*** Dataset section ***
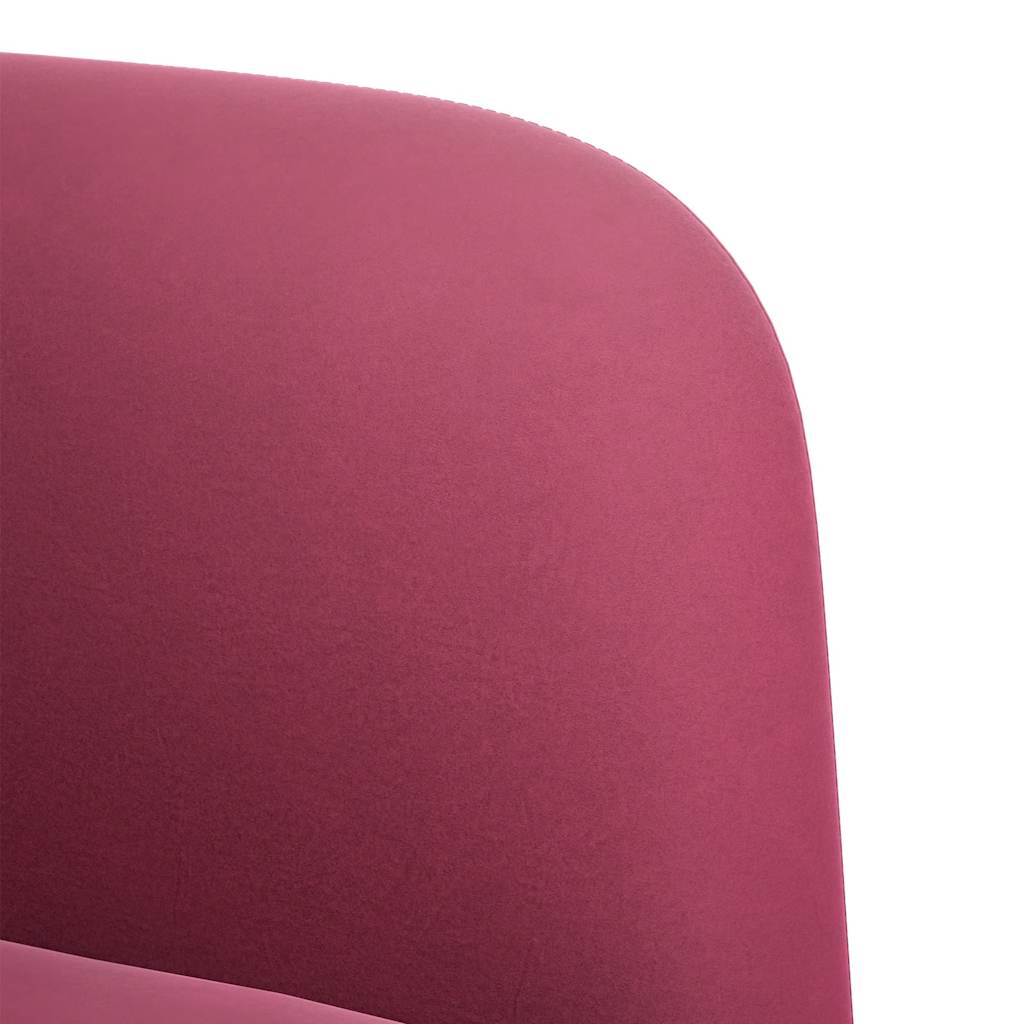 Poltrona com apoio de braços 54 cm veludo vermelho tinto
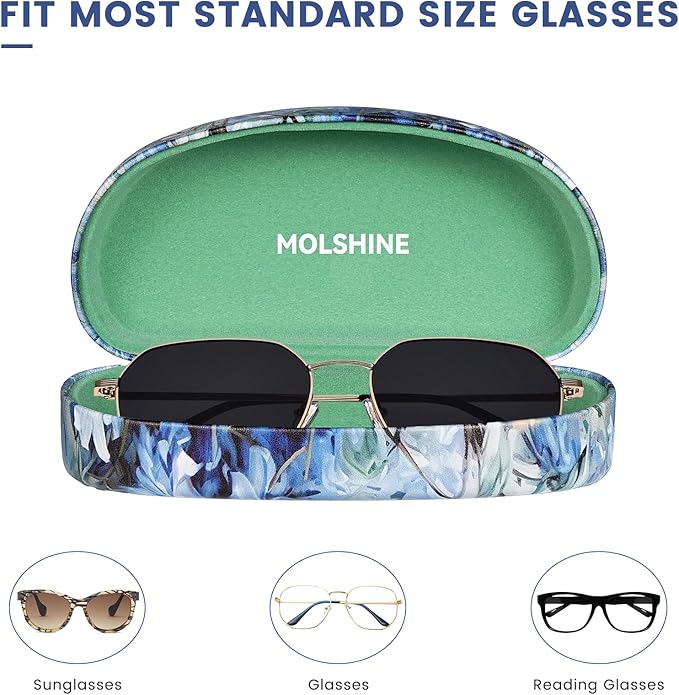 molshine Hard Shell Sunglasses Case,Classic Large Glasses Case for Sunglass, Eyeglasses with Cleaning Cloth, Pocket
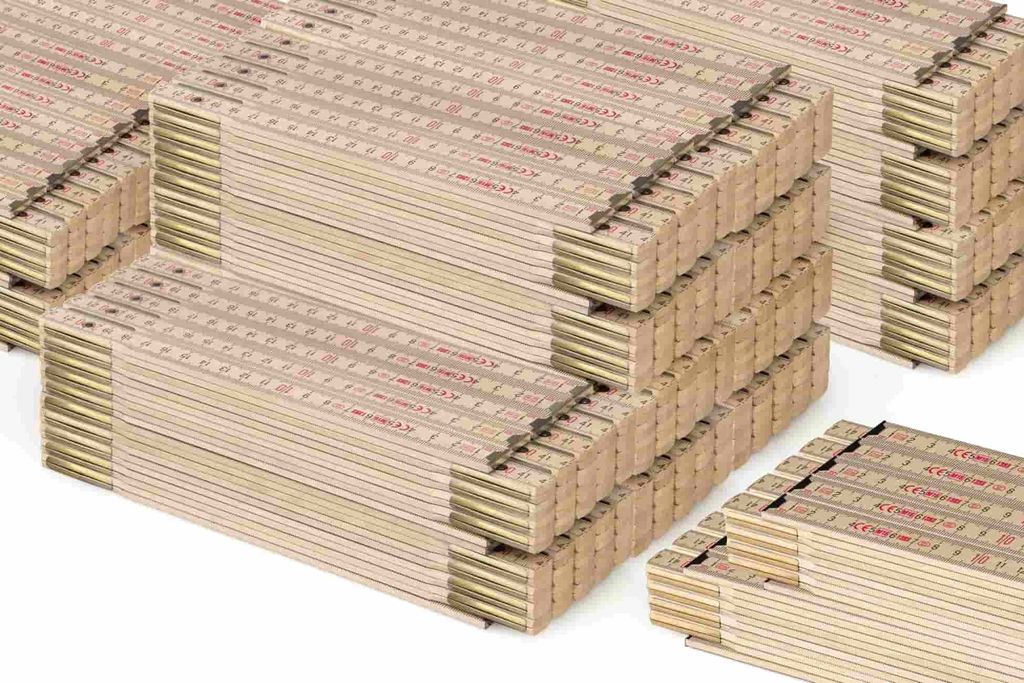 100 pièces | Métrique 2 m Mètre pliant Perfekt 10 | Naturel Image du produit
***
# Task goal:
Reproduce the listing verbatim, and keep the pictures out of the copy.

# Result:
 Poltrona com apoio de braços 54 cm veludo vermelho tinto
 molshine Hard Shell Sunglasses Case,Classic Large Glasses Case for Sunglass, Eyeglasses with Cleaning Cloth, Pocket
 100 pièces | Métrique 2 m Mètre pliant Perfekt 10 | Naturel Image du produit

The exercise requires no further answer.